The term number bond is also used to refer to a graphical depiction of part-part-whole relationships. The “whole” is written in the first circle and its “parts” are written in the adjacent circles.
A number bond represents the relationship between a quantity and the parts that combine to make it. The idea of number bonds is very fundamental, an understanding of the way numbers work. A number bond is made up of parts and if you know the parts, you can put them together (add) to find the whole. If you see the whole and one of the parts is unknown, you remove the part you know (subtract) from the whole to find the other part. A child learning that 3 add 7 equals 10 is also learning that 10 minus 7 equals 3 and that 10 minus 3 equals 7. Number bonds let children see the inverse association between addition and subtraction. To subtract means to figure out how much more you would have to add to get the whole. A child who understands this number bond will be able to instantaneously fill in any one of these three numbers if it was omitted, given the other two, without having to “work it out”.
In the example below, we can see the relationship between part and whole numbers and that 5 and 3 make 8.
Next, we can teach students that there are different ways to make the number 8. We can see that 8 and 0 make 8, 6 and 2 make 8 or that 4 and 4 make 8.
Number Bonds in Kindergarten/ Pre-school
When used in preschool or kindergarten, number bonds develop number sense and set a foundation to move on to addition and subtraction and mental math. Number bonds help children gain insight into how numbers work and help us to understand that a whole number is made up of parts. Number bonds are also an excellent preamble to the fact that subtraction is the reverse of addition. As students go on to higher grades, number bonds become an important mental problem-solving strategy.
The components of a number bond consist of circles connected by lines. A number bond contains at least 3 circles that are linked by lines. However, you can also build more complex number bonds like the ones below:
Benefits of Number Bonds.
Number bonds help develop a student’s number sense and mental math. As we can see from the above examples, Number bonds help students see that numbers can be “broken” into parts to make calculation easier. With number bonds, students distinguish the relationships between numbers through a visual model that shows how the numbers are related. A number bond helps students clearly see the Part/Whole relationship. The circles or squares are just a pictorial representation that students should begin with. By first grade, some students may move away from the shape visual. This enables children to be able to do mental arithmetic.
Number Bonds to 10
Number bonds are frequently learned in sets for which the sum is a common round number such as 10. Learning number bonds to 10 is important for mental mathematics, as this links into place value and the base 10 number structure.
Knowing number bonds with confidence allows children to develop strategies for solving more complicated mental problems. As a simple example, to carry out the calculation 8 + 5 mentally, a child who can instantly remember their number bonds to 10 and will identify that they need to add 8 to 2 to get up to 10. They then have 3 left over from the 5 and can now add that on to the 10 to make 13. Essentially, they are breaking the addition up into (8+ 2) + 3 = 10 + 3 = 13.

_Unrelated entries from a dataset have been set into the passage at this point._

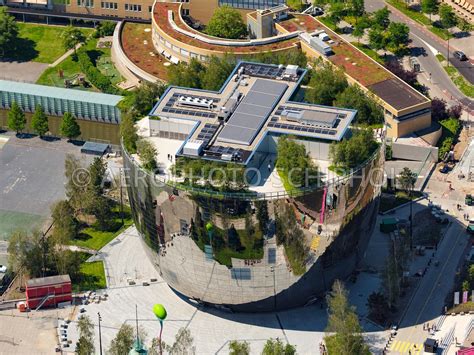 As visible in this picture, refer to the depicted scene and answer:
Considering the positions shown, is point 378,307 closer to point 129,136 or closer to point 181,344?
point 181,344

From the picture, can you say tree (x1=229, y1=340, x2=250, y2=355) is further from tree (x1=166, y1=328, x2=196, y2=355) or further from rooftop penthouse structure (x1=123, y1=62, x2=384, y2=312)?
rooftop penthouse structure (x1=123, y1=62, x2=384, y2=312)

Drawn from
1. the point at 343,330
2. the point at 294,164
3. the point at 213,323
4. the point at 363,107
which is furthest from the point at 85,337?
the point at 363,107

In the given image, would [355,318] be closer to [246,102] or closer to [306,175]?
[306,175]

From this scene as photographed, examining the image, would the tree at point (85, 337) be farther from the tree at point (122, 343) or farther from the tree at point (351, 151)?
the tree at point (351, 151)

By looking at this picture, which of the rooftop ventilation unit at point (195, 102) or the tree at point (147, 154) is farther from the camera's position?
the rooftop ventilation unit at point (195, 102)

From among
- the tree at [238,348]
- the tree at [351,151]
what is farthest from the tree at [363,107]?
the tree at [238,348] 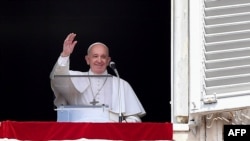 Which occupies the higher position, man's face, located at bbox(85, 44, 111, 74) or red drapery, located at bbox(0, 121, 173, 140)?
man's face, located at bbox(85, 44, 111, 74)

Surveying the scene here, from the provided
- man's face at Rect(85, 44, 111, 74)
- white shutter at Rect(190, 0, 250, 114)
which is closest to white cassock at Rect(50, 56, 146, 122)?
man's face at Rect(85, 44, 111, 74)

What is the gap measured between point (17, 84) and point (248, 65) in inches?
99.2

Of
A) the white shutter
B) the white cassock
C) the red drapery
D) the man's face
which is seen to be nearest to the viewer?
the white shutter

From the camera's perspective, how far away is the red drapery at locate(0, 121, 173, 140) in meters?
7.43

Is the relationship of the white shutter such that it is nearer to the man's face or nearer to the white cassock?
the white cassock

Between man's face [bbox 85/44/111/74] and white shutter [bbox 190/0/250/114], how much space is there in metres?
1.11

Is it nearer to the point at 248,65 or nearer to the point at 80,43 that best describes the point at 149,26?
the point at 80,43

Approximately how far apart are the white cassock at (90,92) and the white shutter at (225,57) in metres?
1.00

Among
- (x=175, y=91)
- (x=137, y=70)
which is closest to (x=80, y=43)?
(x=137, y=70)

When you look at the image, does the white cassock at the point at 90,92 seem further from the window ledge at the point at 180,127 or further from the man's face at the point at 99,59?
the window ledge at the point at 180,127

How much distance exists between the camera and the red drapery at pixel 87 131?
743 cm

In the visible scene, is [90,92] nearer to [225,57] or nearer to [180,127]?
[180,127]

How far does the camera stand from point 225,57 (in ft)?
24.1

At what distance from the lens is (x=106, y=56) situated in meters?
8.42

Learning number bonds can also benefit students as they progress to higher grade levels. The example below shows how a student would use number bonds to perform a mental calculation with larger numbers.
How To Teach Number Bonds To Your Child.
There are numerous ways to teach number bonds to a child.
One way to introduce kids to number bonds is by using the Concrete to Pictorial to Abstract approach.
At the concrete stage, students use manipulatives and objects such as counters or real-life objects to learn. At the pictorial stage, kids can progress to writing number bonds on whiteboards or paper. As learning progresses to the abstract stage, a student can start representing number bonds a mathematical notation (4+ 5 = 9).
Below are some activities that can be used to teach your child number bonds.
Exploring the Part and Whole Relationship
Since number bonds are used to help children recognize the relationship between a whole number and its parts, it is best to begin by exploring this part-whole relationship. Food (cheerios, gummy bears) works great for this! You can sort food into “whole” and “part” groups.
Explore the Number Bond Pictures.
Once a child is able to comprehend the meanings of the words “part” and “whole,” you can introduce number bond pictorial or use number bond templates. You then challenge the child to spot the “whole” circle and the “part” circles.
Display the pictorial or template in different directions as number bonds are displayed in different ways.
Construct a Number Bond
You can use paper plates and straws but get innovative and use what you have on hand! Make sure the child construct it in all directions and ask him/her to lay a hand on the whole and parts when named.
Sketch a Number Bond
Although number bonds are usually made with circles, other shapes like squares, triangles, stars, and rectangles can also be used.
Invite the child to draw number bonds in all directions using shapes of his/her choosing.
Using worksheets/ printables is also a great way to practice and master number bonds once the child is able to write.